Caption-style text data
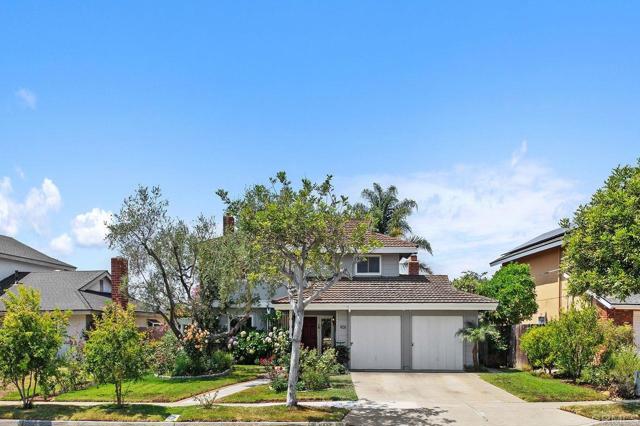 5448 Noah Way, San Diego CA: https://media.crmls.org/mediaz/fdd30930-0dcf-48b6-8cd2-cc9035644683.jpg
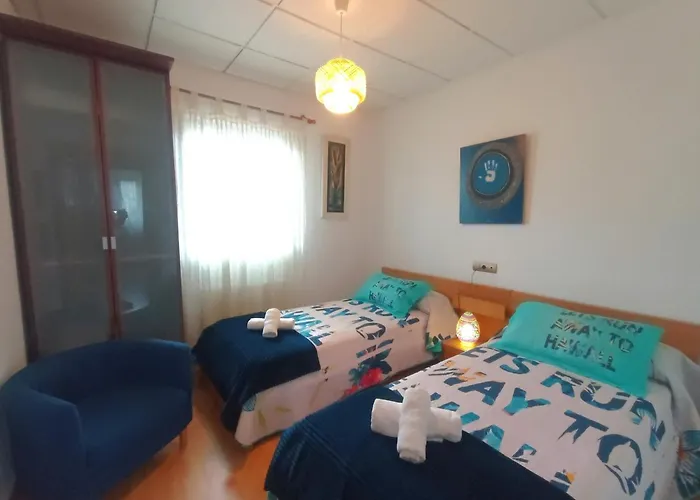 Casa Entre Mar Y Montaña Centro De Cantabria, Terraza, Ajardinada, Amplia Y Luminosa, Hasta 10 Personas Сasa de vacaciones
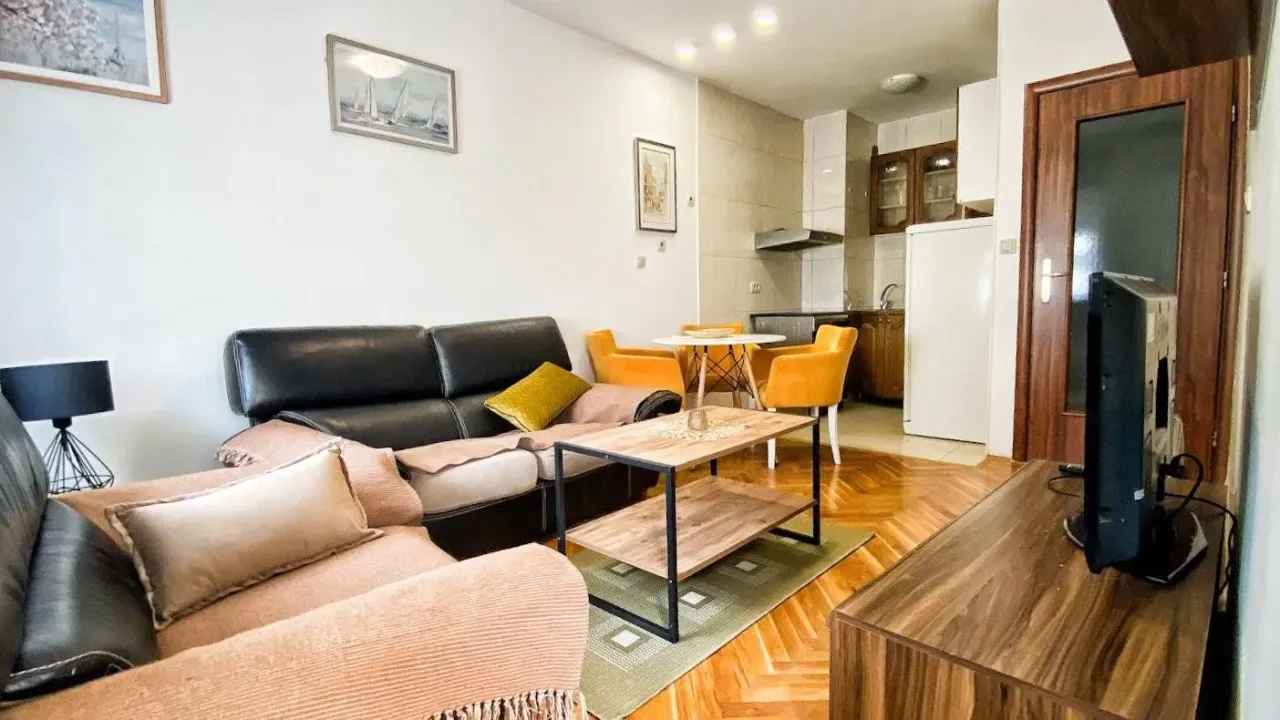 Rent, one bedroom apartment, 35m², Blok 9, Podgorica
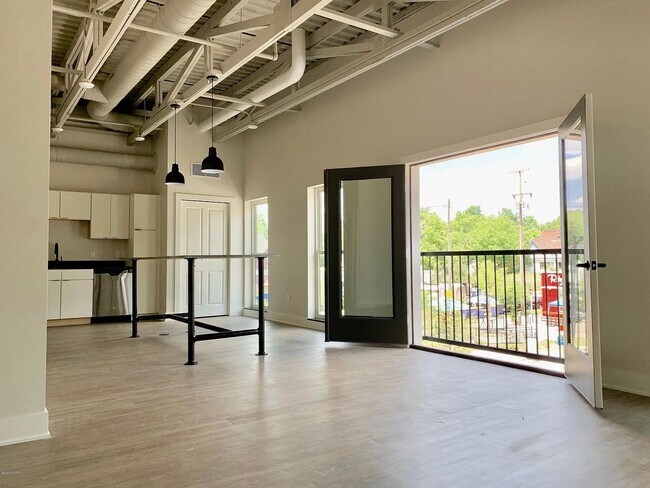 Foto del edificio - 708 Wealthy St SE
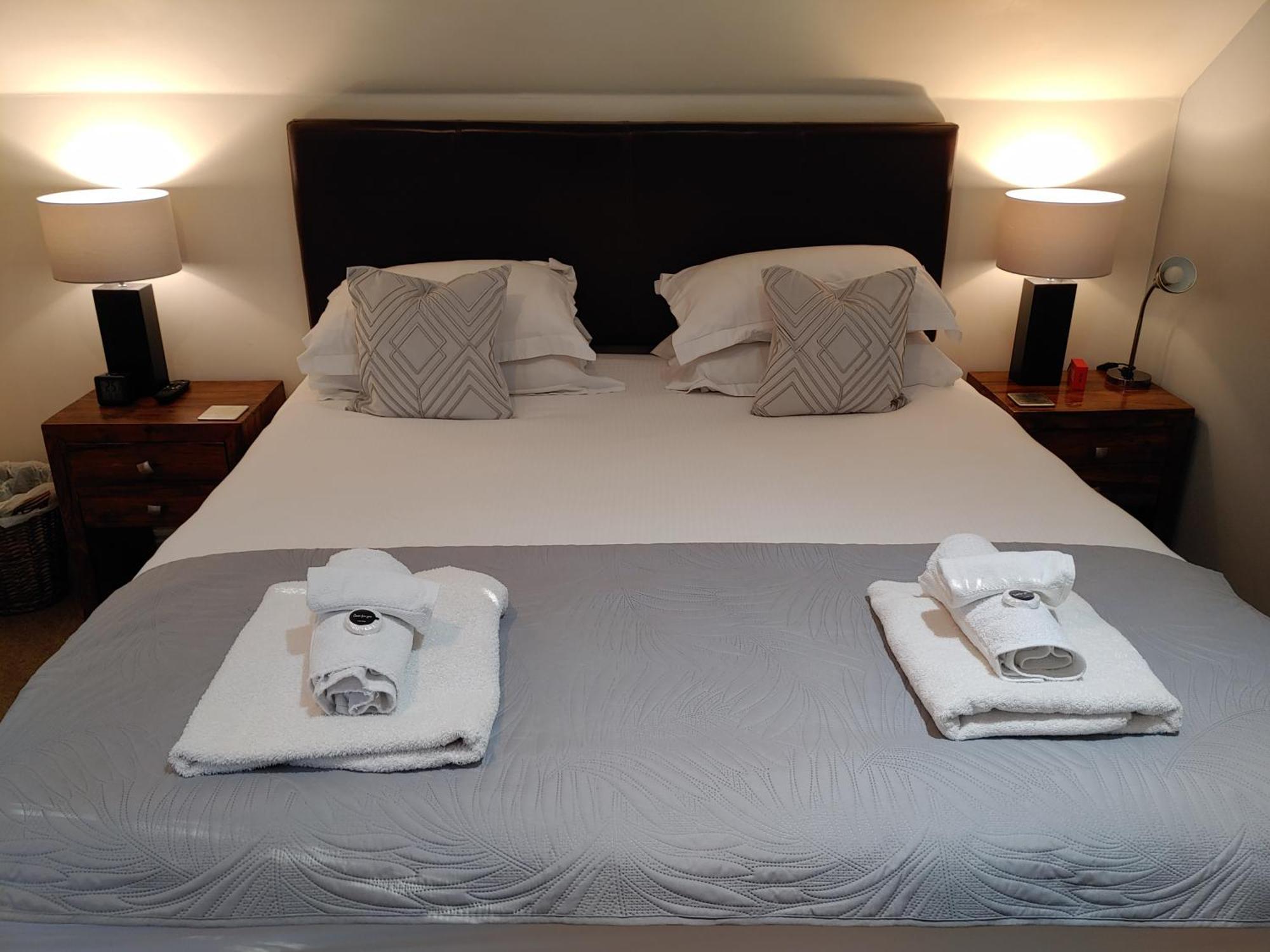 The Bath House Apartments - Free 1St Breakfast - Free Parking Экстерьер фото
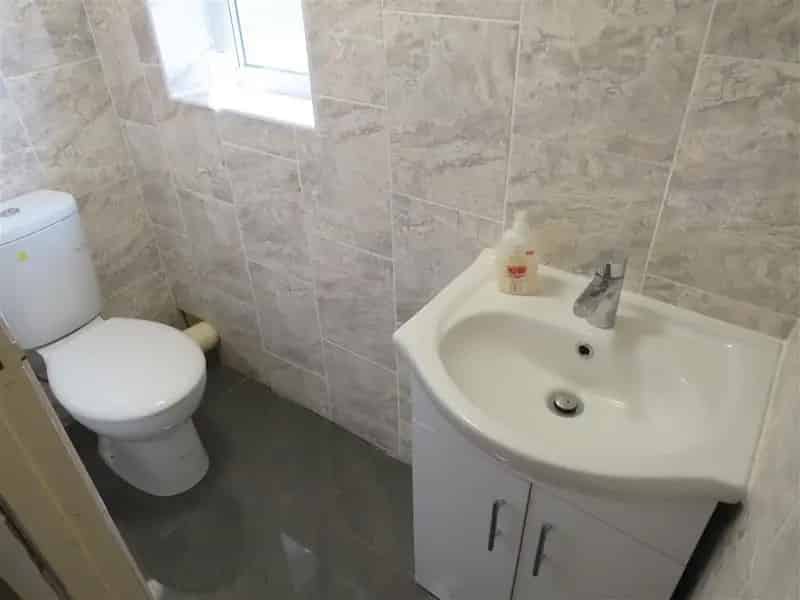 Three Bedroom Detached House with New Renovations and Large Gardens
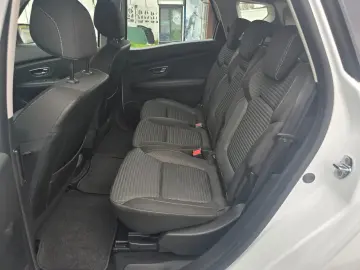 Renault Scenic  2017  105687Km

▶ **EXERCISE DIRECTIONS**
Word for word and without any pictures, return all of the lines above.

▶ **TASK SOLUTION**
 5448 Noah Way, San Diego CA: https://media.crmls.org/mediaz/fdd30930-0dcf-48b6-8cd2-cc9035644683.jpg
 Casa Entre Mar Y Montaña Centro De Cantabria, Terraza, Ajardinada, Amplia Y Luminosa, Hasta 10 Personas Сasa de vacaciones
 Rent, one bedroom apartment, 35m², Blok 9, Podgorica
 Foto del edificio - 708 Wealthy St SE
 The Bath House Apartments - Free 1St Breakfast - Free Parking Экстерьер фото
 Three Bedroom Detached House with New Renovations and Large Gardens
 Renault Scenic  2017  105687Km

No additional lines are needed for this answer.